Ingredients for the dressing:

  • 1 1/2 cups sour cream
  • 3/4 cup mayonnaise
  • 1 1-oz. packet ranch dressing mix
  • 2 chipotle peppers in adobo, seeded
  • 1 tsp lime zest
  • 1 tbsp lime juice
  • 1/2 tsp ground cumin

Directions:

  1. For the cornbread salad: Heat the oven to 375 F.
  2. In a large bowl, whisk together the cornbread mix and 1 cup of cheddar cheese.
  3. In a medium bowl, whisk together the buttermilk, eggs, melted butter and jalapeños. Pour the buttermilk mixture into the cornbread mix and whisk until well combined.
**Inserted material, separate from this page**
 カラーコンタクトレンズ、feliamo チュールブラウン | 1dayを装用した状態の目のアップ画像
  4. Spray a 9-inch square baking pan with cooking spray. Pour the cornbread mixture into the prepared pan. Bake until golden brown, 25 to 30 minutes.
  5. Allow to cool completely before cutting into 1 1/2-inch cubes.
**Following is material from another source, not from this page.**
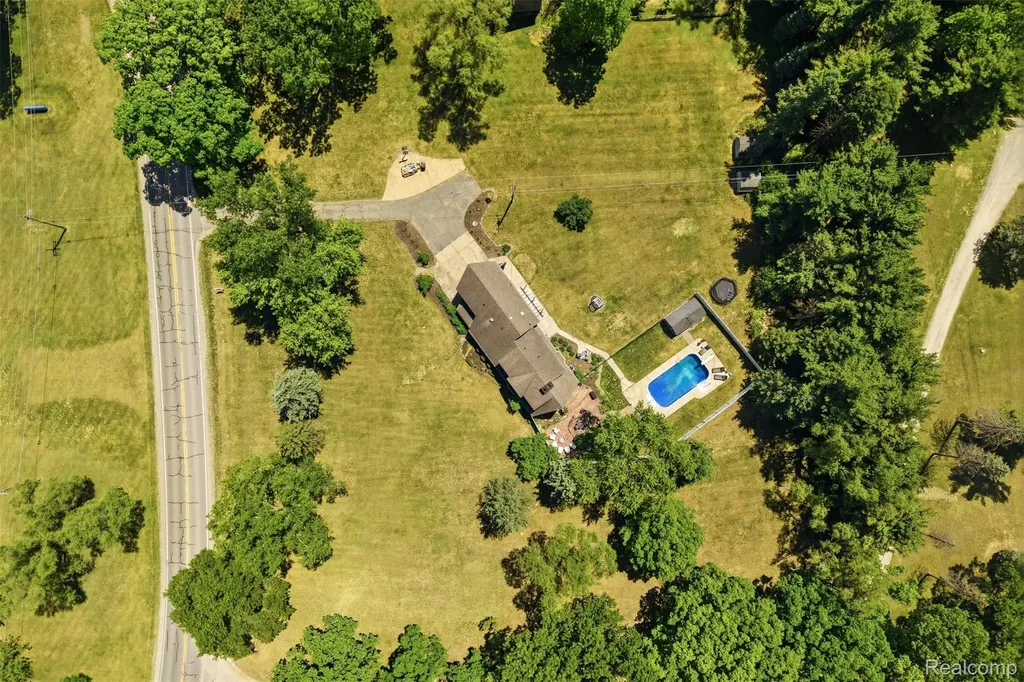 5080 Pleasant Valley Road Brighton Township MI 48114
  6. Line a baking sheet with foil. Place the bacon on the prepared baking sheet. Bake until golden and crisp, 15 to 20 minutes, flipping halfway through. Allow to cool completely before crumbling.
  7. For the dressing: In a blender, combine the sour cream, mayonnaise, ranch dressing mix, chipotle peppers, lime zest, lime juice and cumin. Blend until smooth. Remove the dressing to an airtight container and refrigerate for 30 minutes to thicken.
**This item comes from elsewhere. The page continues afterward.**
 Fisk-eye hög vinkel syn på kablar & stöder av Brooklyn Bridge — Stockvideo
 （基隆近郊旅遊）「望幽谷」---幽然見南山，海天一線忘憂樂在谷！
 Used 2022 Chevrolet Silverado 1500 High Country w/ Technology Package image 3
  8. Drain and rinse the pinto beans. In a small bowl, combine the tomato, bell pepper and green onion.
  9. In a 3 ½-quart trifle dish, add half of the cubed cornbread. Layer in half of the pinto beans, 1 cup of cheddar cheese, half of the bacon, half of the corn, half of the tomato mixture and ⅔ of the dressing. Repeat the layers one more time, beginning with the cornbread and ending with the remaining dressing.
  10. Chill for 2 to 4 hours. Serve cold with more sliced green onions.